Average Mixed Investment fund (20-60% shares)

+1.7%

+10.1%

Balanced Portfolio

+1.9%

+11.0%

Average Mixed Investment fund (40-85% shares)

+1.8%

+12.5%

Tactical Portfolio

+2.1%

+16.9%

Average Flexible Investment Fund

+1.5%

+12.6%

FTSE all share index

+1.8%

+11.7%

FTSE world index exUK (£)

+1.5%

+27.5%

IBOX Gilt

+2.1%

+14.6%

 

Long-term Performance

Parmenion Portfolio/Index

Three year

Performance

to 31 August 2016

Five year

Performance

to 31 August 2016

Income Portfolio

+23.7%

+51.4%

Average Mixed Investment fund (20-60% shares)

+18.8%

+29.7%

Balanced Portfolio

+28.6%

+55.4%

Average Mixed Investment fund (40-85% shares)

+23.2%

+50.6%

Tactical Portfolio

+38.7%

+65.3%

Average Flexible Investment Fund

+22.8%

+47.5%

FTSE all share index

+20.3%

+57.7%

FTSE world index ex UK (£)

+49.1%

+97.4%

IBOX Gilt

+29.4%

+43.8%

(Source; Parmenion Capital Partners LLP)

 

PORTFOLIO REVIEW

 

All Portfolios

All portfolios made further gains in August, building on the strong returns made in July.

 

Income Portfolio

The Income Portfolio gained +2.0% in August out-performing the benchmark (the average mixed investment (20-60% shares) fund) which gained +1.7%. Our exposure to UK smaller companies boosted returns as this sector of the market recovered, but commercial property, whilst demonstrating a recovery, grew by less than the market and thus held us back a little.

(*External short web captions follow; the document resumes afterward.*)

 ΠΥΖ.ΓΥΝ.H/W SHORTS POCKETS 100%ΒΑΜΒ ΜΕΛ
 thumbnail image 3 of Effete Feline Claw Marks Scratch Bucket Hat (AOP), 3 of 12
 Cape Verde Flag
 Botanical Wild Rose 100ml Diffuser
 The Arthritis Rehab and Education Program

We sold a high yielding UK fund run by Schroders and switched into a long-term favourite – the Newton Global Income fund, thinking that growth prospects have been set back in the UK due to Brexit.

 

Balanced Portfolio

The Balanced Portfolio gained +1.9% in August, just out-performing the benchmark (the average mixed investment (40-80% shares) fund) which gained +1.8%.

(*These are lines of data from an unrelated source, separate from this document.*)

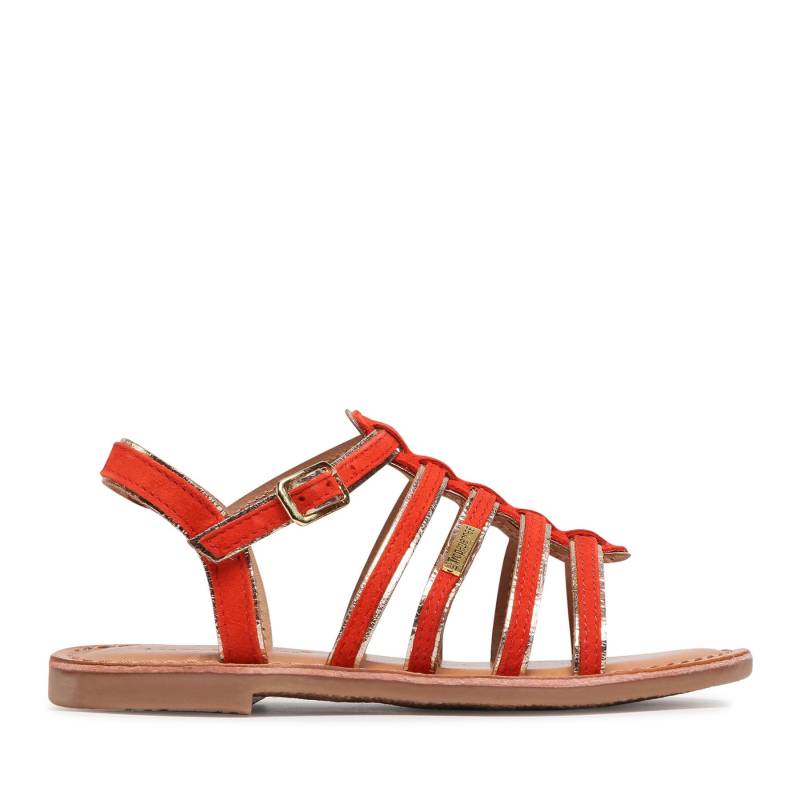 Sandalen Les Tropeziennes Monbuck C23298 Orange von Les Tropeziennes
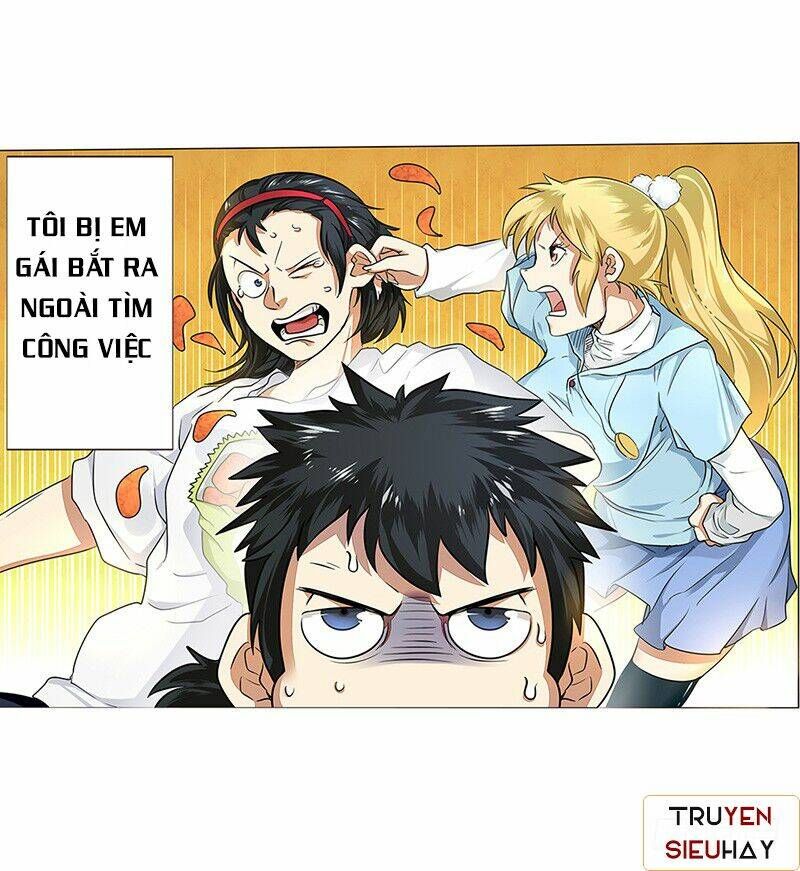 đọc truyện Anh Hùng ? Ta Không Làm Lâu Rồi Chương 1 ảnh 21 tại Thiên Thai Truyện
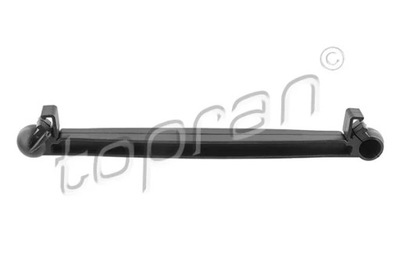 HP 207 688 СТОЙКА PLAST. ПЕРЕКЛЮЧЕНИЯ КПП -OPEL CORS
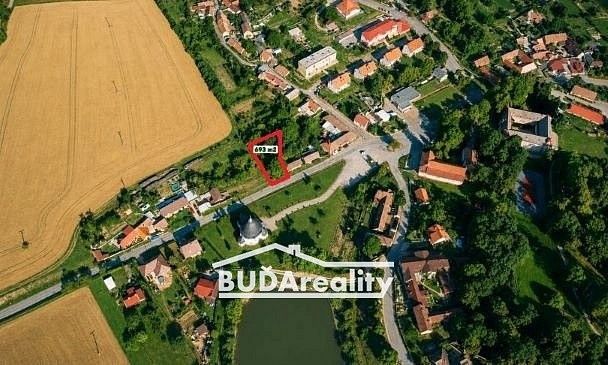 Pozemek pro bydlení · Tavíkovice, okres Znojmo - 3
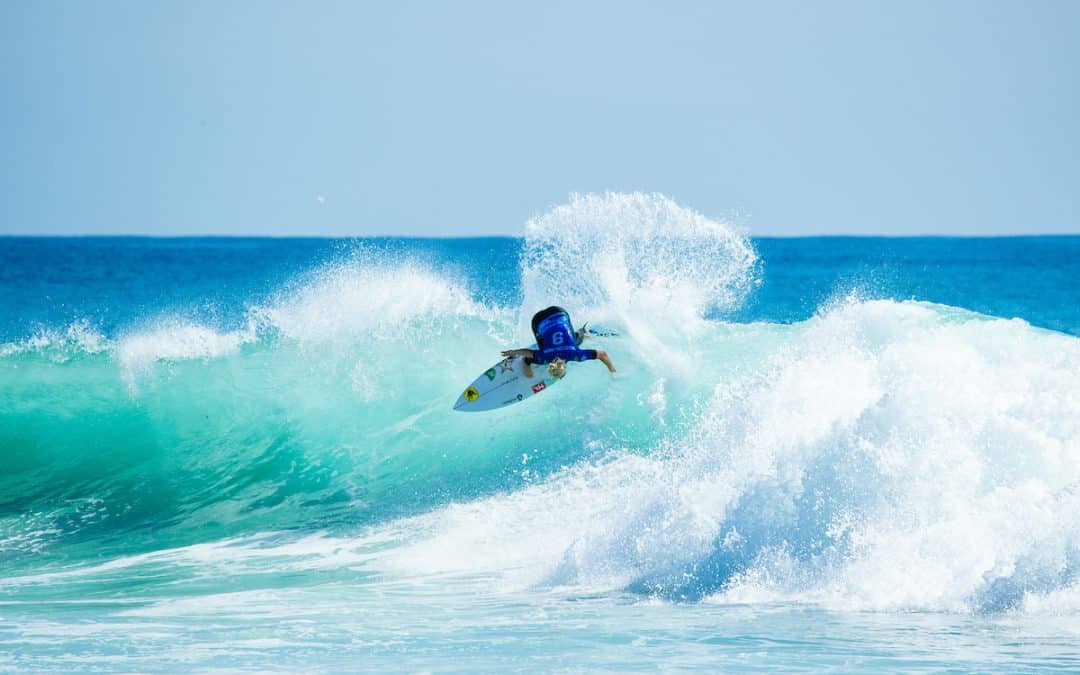 Rip Curl 2022 WSL Finals Update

Our exposure to UK smaller companies boosted returns as this sector of the market recovered, but commercial property, whilst demonstrating a recovery, grew by less than the market and thus held us back a little.

We sold a growth fund run by Schroders which has a recovery focus and switched into a global tracker – the Vanguard Developed World X UK Equity Index, thinking that a recovery focus was now inappropriate for a UK investment post Brexit.

 

Tactical Portfolio

The Tactical Portfolio gained +2.1% in August, out-performing the benchmark (the average Flexible fund) which gained +1.5%.

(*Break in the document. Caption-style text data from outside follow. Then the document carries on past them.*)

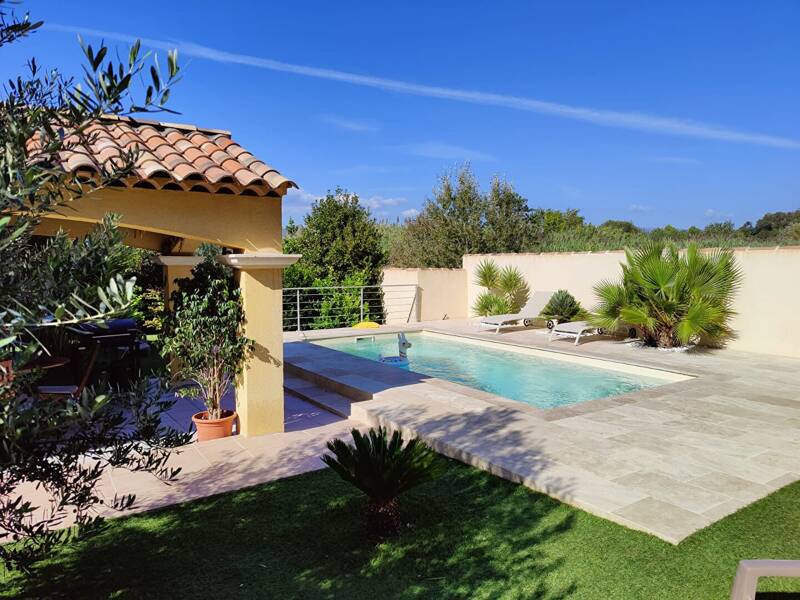 Maison à vendre, 153m², SAINT CYR SUR MER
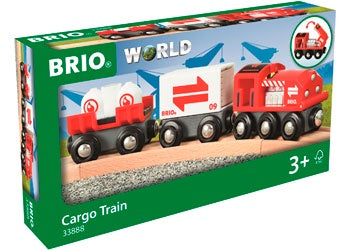 Brio | Trains | Cargo Train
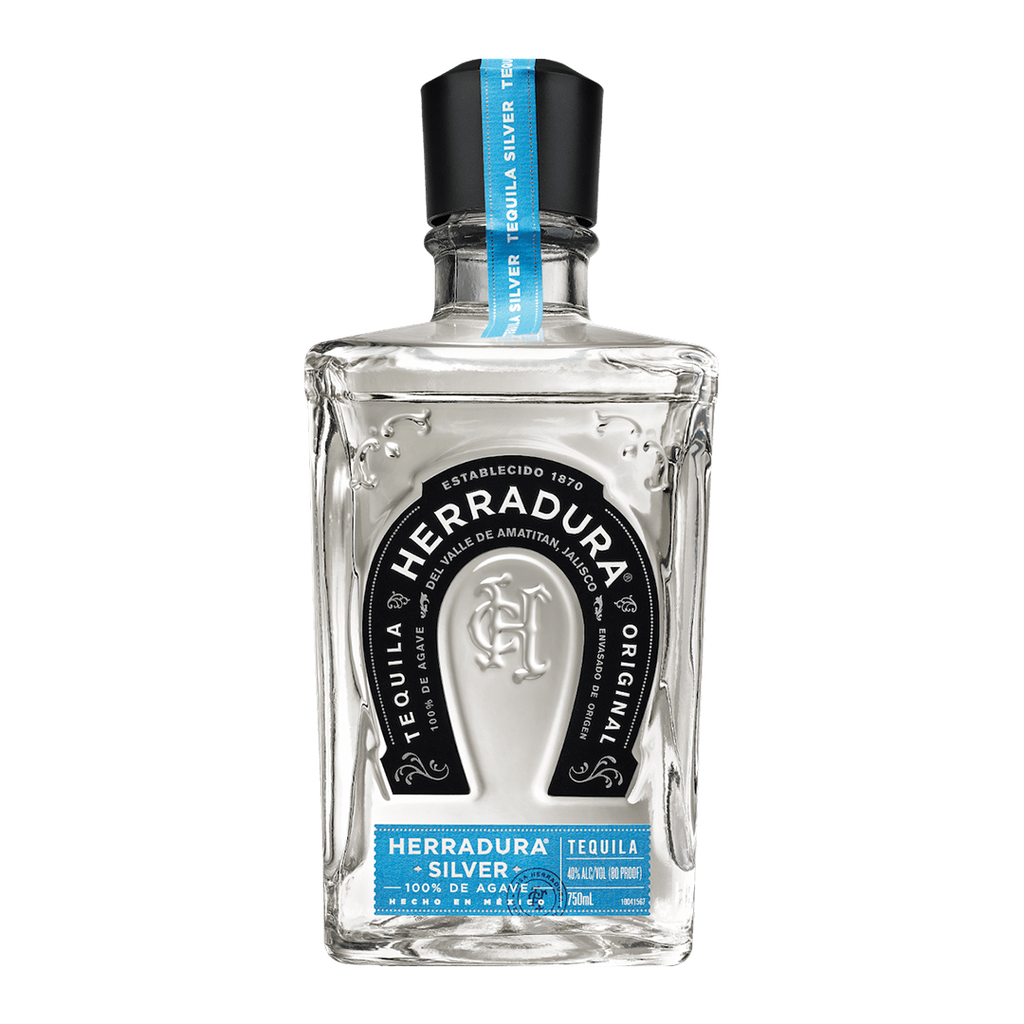 Herradura Silver Tequila 40% - 0,70 l 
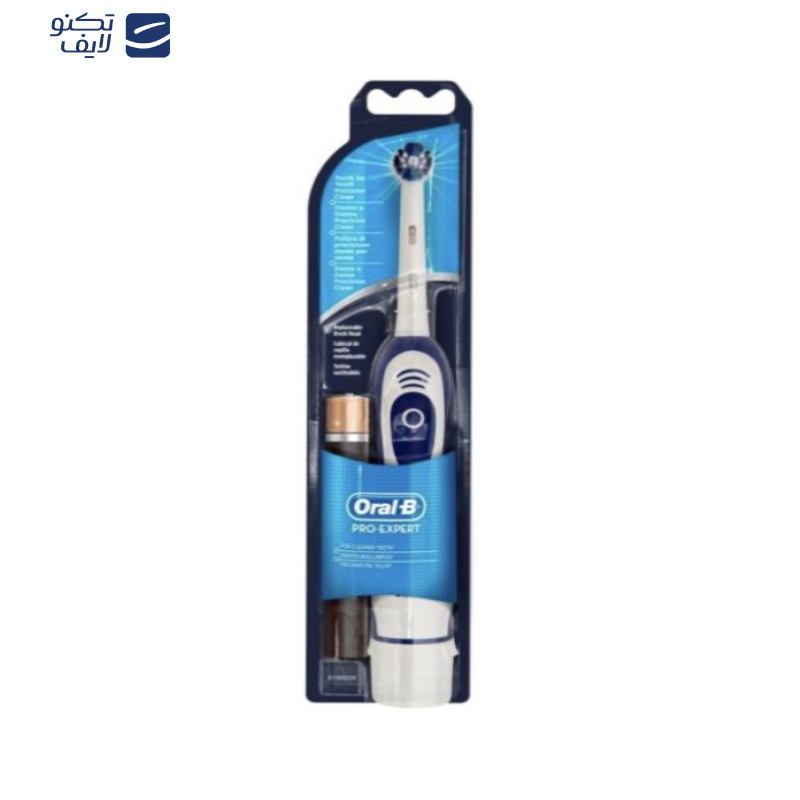 مسواک برقی اورال بی مدل Pro-Expert 110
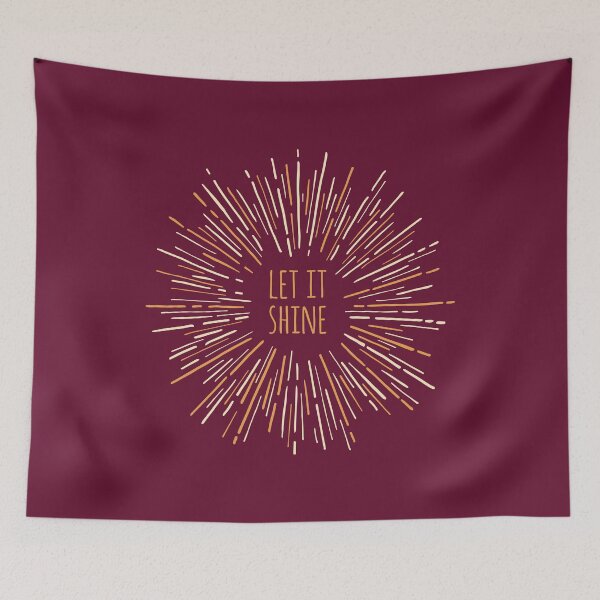 Item preview, Let it Shine designed and sold by emberstudio.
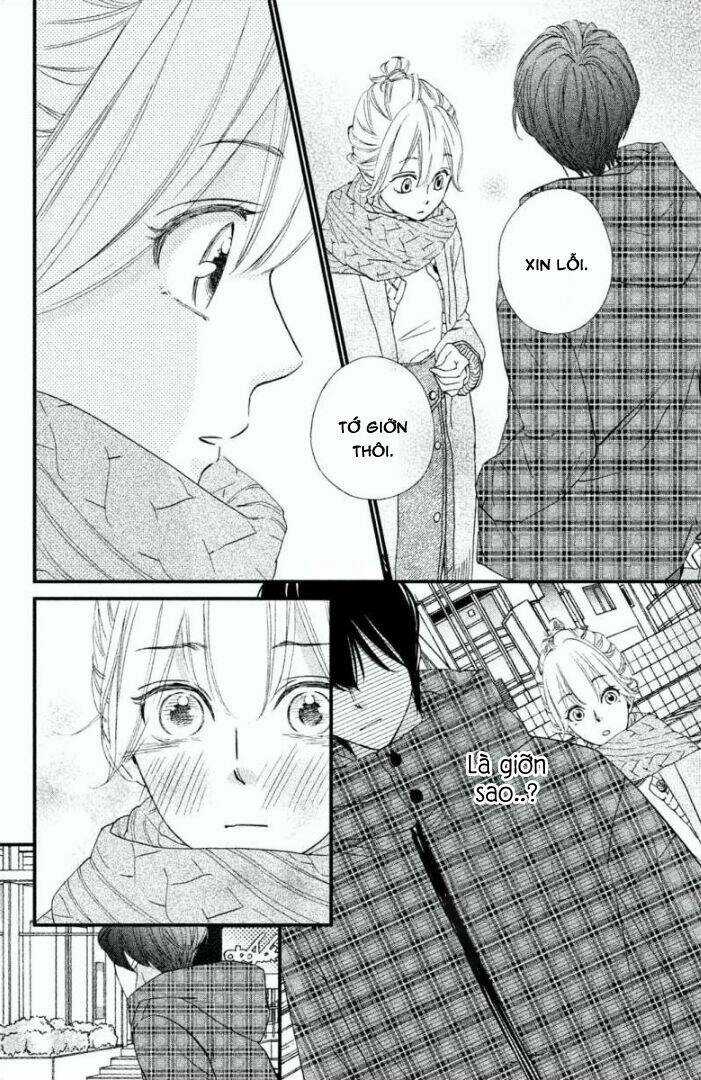 Zettai Ni Tokimeite Wa Ikenai! Chapter 16 trang 6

The portfolio did well due to our heavy exposure to UK smaller companies and benefited as this sector of the UK market recovered.

We sold a growth fund run by Schroders which has a recovery focus and switched into a global tracker – the Vanguard Developed World X UK Equity Index, thinking that a recovery focus was now inappropriate for a UK investment post Brexit.

 

OUTLOOK

There has been a very nice recovery is asset values as yields in the developed world fell. Now one third of all the Government debt issued globally trades at a negative yield – a really bizarre situation. This means that the borrower (ie the Government in question) is paid to borrow money. The lender pays interest to lend.

We are of the opinion that at some point this peculiarity will reverse, which will mean that the long upward march in the value of fixed-income securities will cease and we will face an investment world where a significant proportion of client portfolios steadily fall in value instead of appreciating. We use many fixed income managers who have the tools to mitigate this risk.

There is a good chance that this reversal has started in the first week in September, but time will tell.

PS Don’t forget the usual risk warning for all long-term investments: “The value of units can fall as well as rise, and past performance is no guarantee of future performance. The value of income payments from investment funds is not guaranteed and can fall as well as rise”.